The drug was originally developed by BioMarin Pharmaceutical, which sold its rights to the drug to Medivation in August 2015 for $570m. Pfizerthen acquired Medivation in August 2016 for $14bn.

The US Food and Drug Administration (FDA) accepted a new drug application (NDA) for the drug in June 2018 and granted priority review status. The FDA later approved the drug ahead of its target action date in October.

A marketing authorisation application (MAA) for talazoparib was also accepted by the European Medicines Agency (EMA) in June 2018.

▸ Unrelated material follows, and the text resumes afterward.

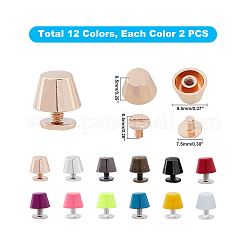 Alloy Cabinet & Drawer Knobs&nbsp;PALLOY-PH0013-58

HER2-negative metastatic breast cancer causes and symptoms

Breast cancer is either HER2-negative or HER2-positive. HER2-negative metastatic breast cancer is an advanced form of the disease where the HER2 protein does not appear on the surface of the breast cancer tumour cells. Such cells grow slowly and are less likely to recur or spread to various parts of the body compared with HER2-positive cells.

“Certain risk factors related to the development of breast cancer are old age, alcohol consumption, obesity and hormone replacement therapy.”

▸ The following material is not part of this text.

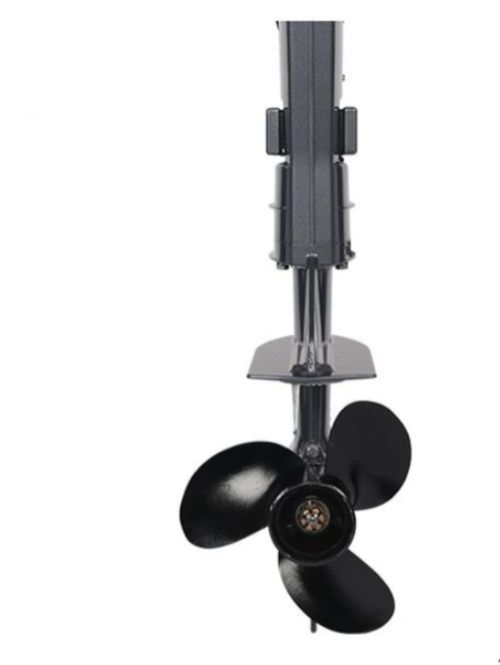 Лодочный мотор ALLFA CG F6 в Арзамасе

Certain risk factors related to the development of breast cancer are old age, alcohol consumption, obesity and hormone replacement therapy. There can also be a hereditary risk.

Some common symptoms of the disease are lumps or swelling in the breast, skin texture or colour change around breast, unusual discharge from nipples, redness, rash, or discomfort.

Breast cancer is one of the most frequent death-causing cancers among women, affecting 2.1 million annually. A total of approximately 627,000 breast cancer deaths were reported in 2018 globally, which represents 15% of all the death-causing cancers in women.

Talzenna (talazoparib) mechanism of action

Talazoparib is a dual-mechanism inhibitor of the PARP1 and PARP2 enzymes, which are responsible for DNA repair of cancer tumour cells. It induces cytotoxicity, which inhibits PARP enzymatic activit, increases formation of PARP-DNA complexes, prevents cancer cell DNA damage repair and causes decreased cell growth and cell death.

Talzenna is administered as an oral, once-daily drug available in 0.25mg and 1mg strength capsules in 30-count bottles.

Clinical trials on Talzenna

The FDA’s approval of Talzenna was based on data from a Phase III clinical study named Embraca. The open-label, randomised study enrolled 431 patients with HER2-negative metastatic breast cancer with no more than three prior cytotoxic chemotherapy regimens. The primary endpoint of the trial was progression-free survival (PFS).

Out of the 431 patients, 408 (95%) were confirmed to have deleterious or suspected deleterious gBRCAm with a clinical trial assay. In addition, around 354 (82%) of patients were using Myriad Genetic Laboratories’ FDA-approved BRACAnalysis CDx® invitro diagnostic device.

The trial met the primary endpoint, with patients administered with talazoparib demonstrating statistically significant median PFS of 8.6 months compared with 5.6 months of median PFS in patients treated with chemotherapy.

Patients receiving Talzenna achieved 50.2% objective response rate (ORR), whereas those on chemotherapy achieved 18.4% ORR.

Nausea, fatigue, anaemia, neutropenia, headaches, thrombocytopenia, vomiting, alopecia, diarrhoea and reduced appetite were the common treatment-related adverse events noticed during the clinical trial.